## Goal of the exercise
Would you retype exactly the lines from the one holding "ACOTAR Paperback Fore-Edge" through the last line of the listing, and only those, without pictures?

## Data
▶

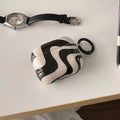 Minimalist glossy AirPods cover in retro Korean couple style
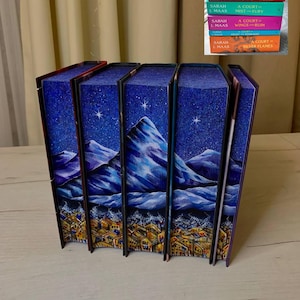 ACOTAR Paperback Fore-Edge Painted Book Set | Velaris Edition | A Court of Thorns and Roses Hand Painted Sprayed Edges | Fantasy Collector’s
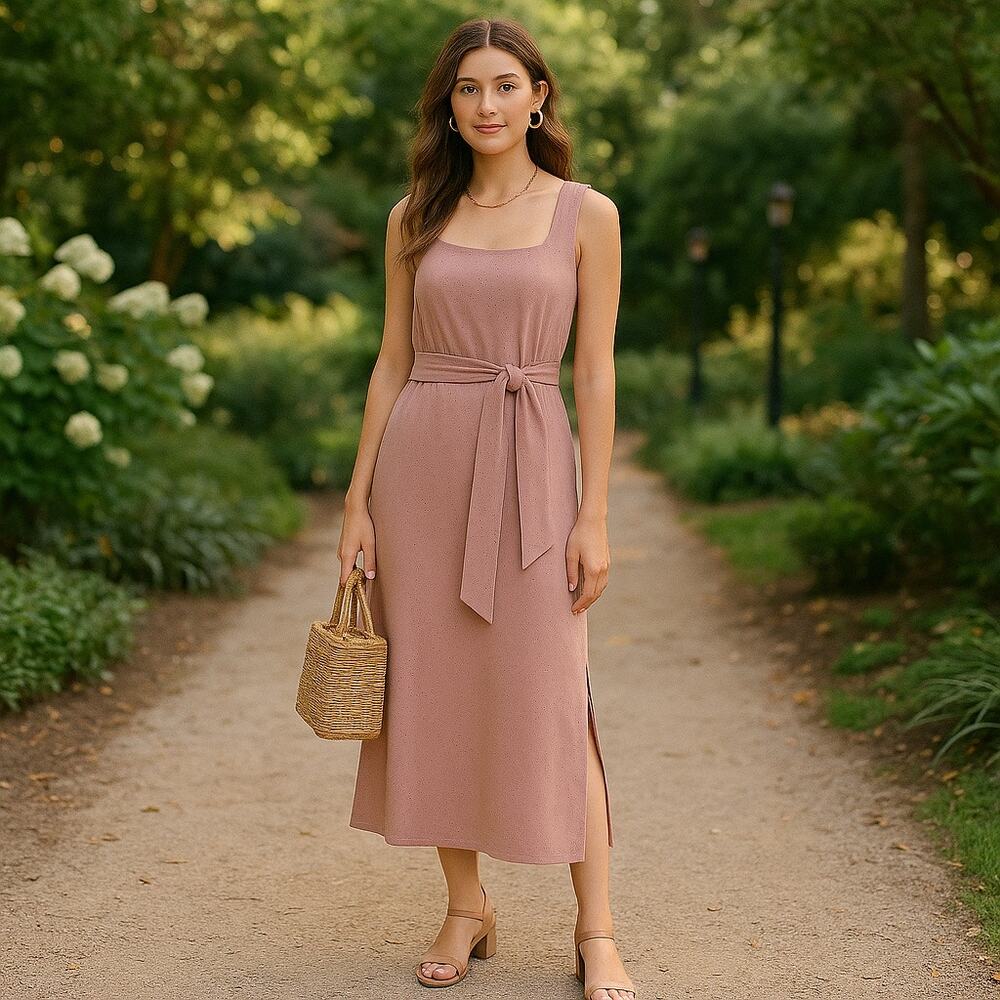 Vince Belted Square Neck Soft Cotton Midi Dress in Pink Size Small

◀

## Final answer
 ACOTAR Paperback Fore-Edge Painted Book Set | Velaris Edition | A Court of Thorns and Roses Hand Painted Sprayed Edges | Fantasy Collector’s
 Vince Belted Square Neck Soft Cotton Midi Dress in Pink Size Small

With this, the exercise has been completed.